Authentic text is a term often used by educators to include any reading material found out there in "the real world." In this category you might find job manuals, applications, menus, product directions, brochures, and sales fliers. The list goes on. Why would you find them useful in the classroom?
Authentic texts are the materials that students will come in contact with everyday outside of the classroom and beyond graduation for the rest of their lives. These materials can provide that connection from classroom lessons to real life because they're relevant. Relevance is the key to motivating students, to stirring their interest.
Brochures and local literature can be used to promote valuable skills students need to transition from high school to post-secondary life. Learning from authentic texts may involve practical activities like reading and filling out job applications. In addition, new places and new situations can be explored while sitting in the classroom by using authentic texts. For example, these materials can be used to create certain scenarios where the students may take on a role as employer or job seeker, tourist guide or researcher, and so on. From there the teacher may instruct them to:
On another note, when you are traveling to those interesting sites, why not pick up a few souvenirs, too?

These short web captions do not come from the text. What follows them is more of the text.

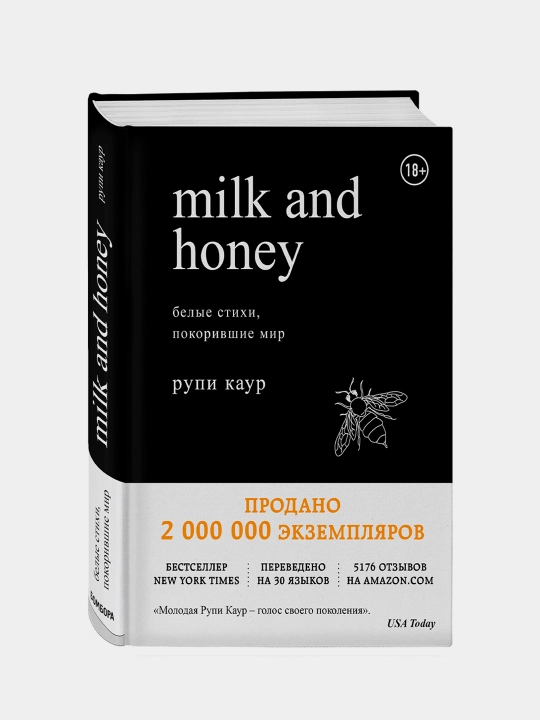 Milk and honey, Рупи Каур
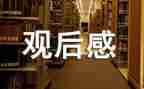 消防安全观后感600字8篇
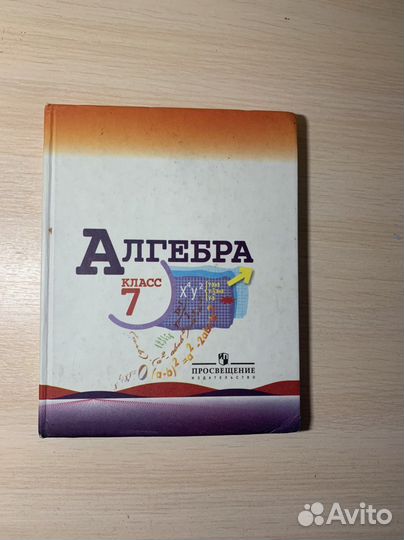 Учебники по математике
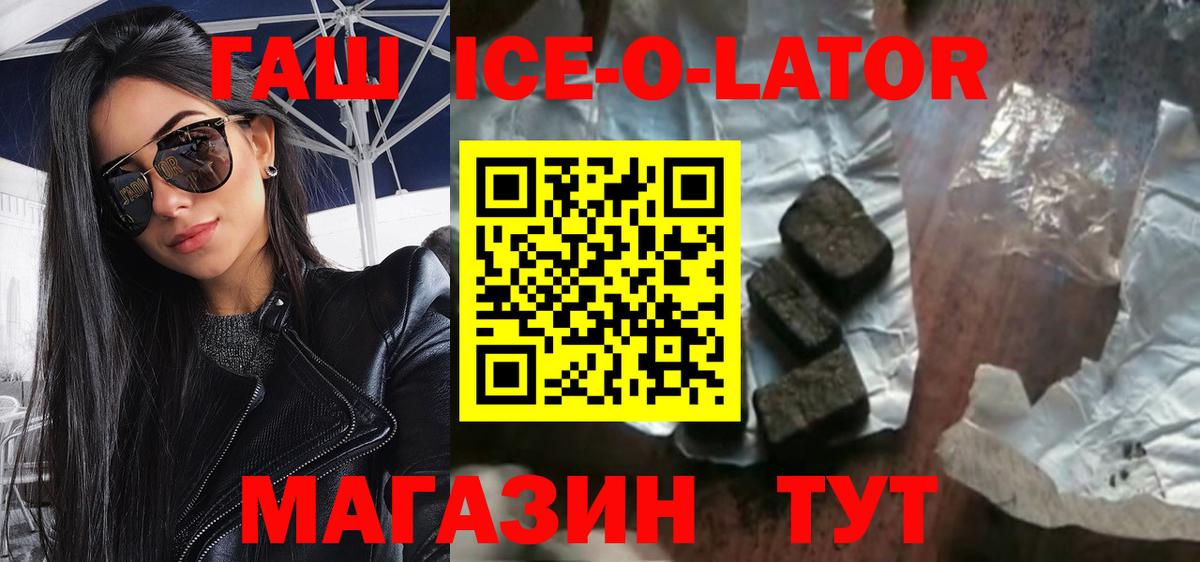 ГАШИШ хэш Волгодонск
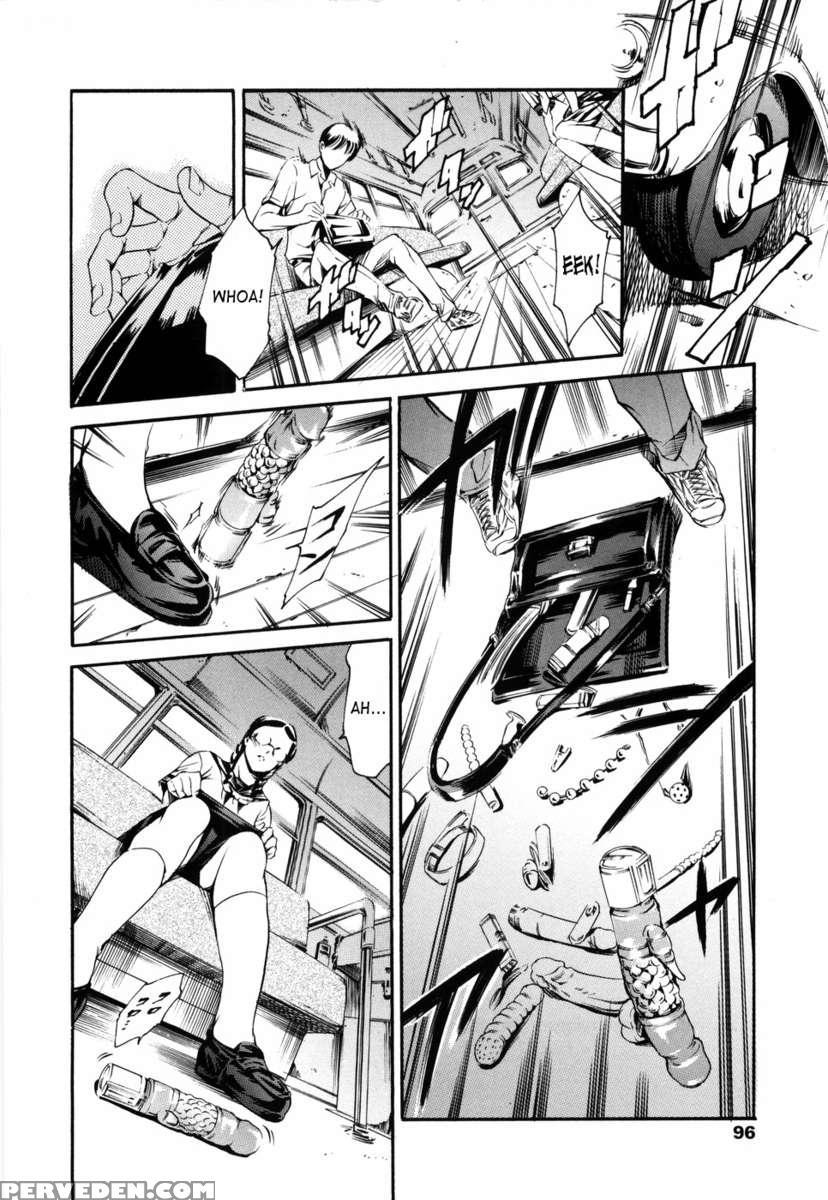 Island Inetsu No Shou Vol 1 1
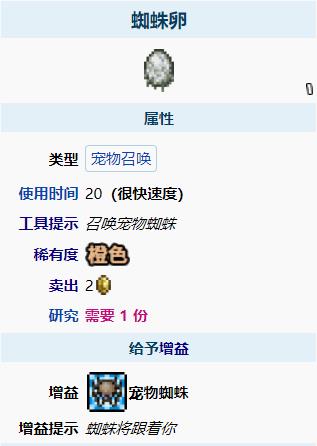 泰拉瑞亚蜘蛛
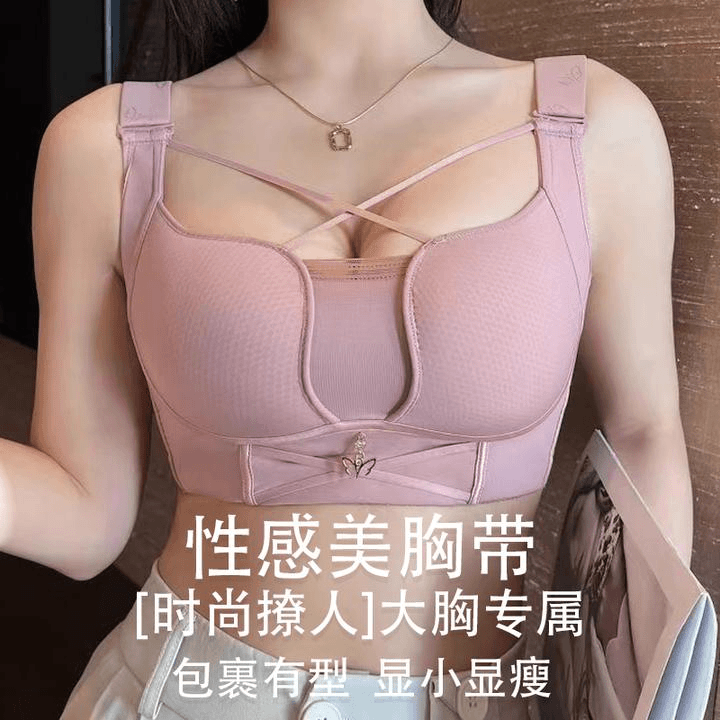 【甜奶茶】大码内衣前交聚拢收副乳防下垂大胸显小无钢圈全罩杯文胸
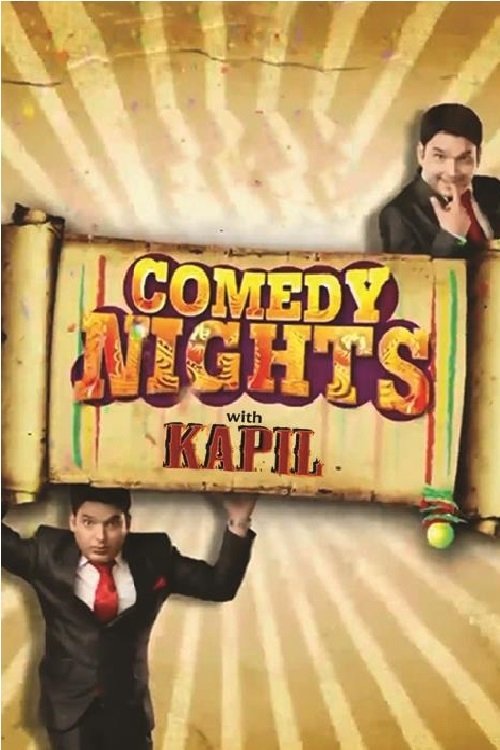 Comedy Nights with Kapil (2013) TV show poster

Objects of all kinds can create a wonderful writing prompt. Let's say your vacation takes you to the seashore. You collect some shells, a starfish, maybe a bottle of sand, and a few trinkets at a local tourist shop. Put them in a box and pass it around the classroom. Instruct the students to create a story based on the objects, written or told aloud.
The idea is simple. Most reading materials or souvenirs cost little or nothing, and they provide material for some very creative lessons. While these lessons engage all types of learners-visual, auditory, and kinestheticthey also reach all levels of readers. Mementos from your vacation add interest. Best of all, they present practical, personalized activities that motivate students to learn.
Kathryn Long has been a high school educator for fifteen years. She is also the author of two published novels. Her advice on writing can be found on her blog site:
http://www.kjlong-teacherwriter.blogspot.com.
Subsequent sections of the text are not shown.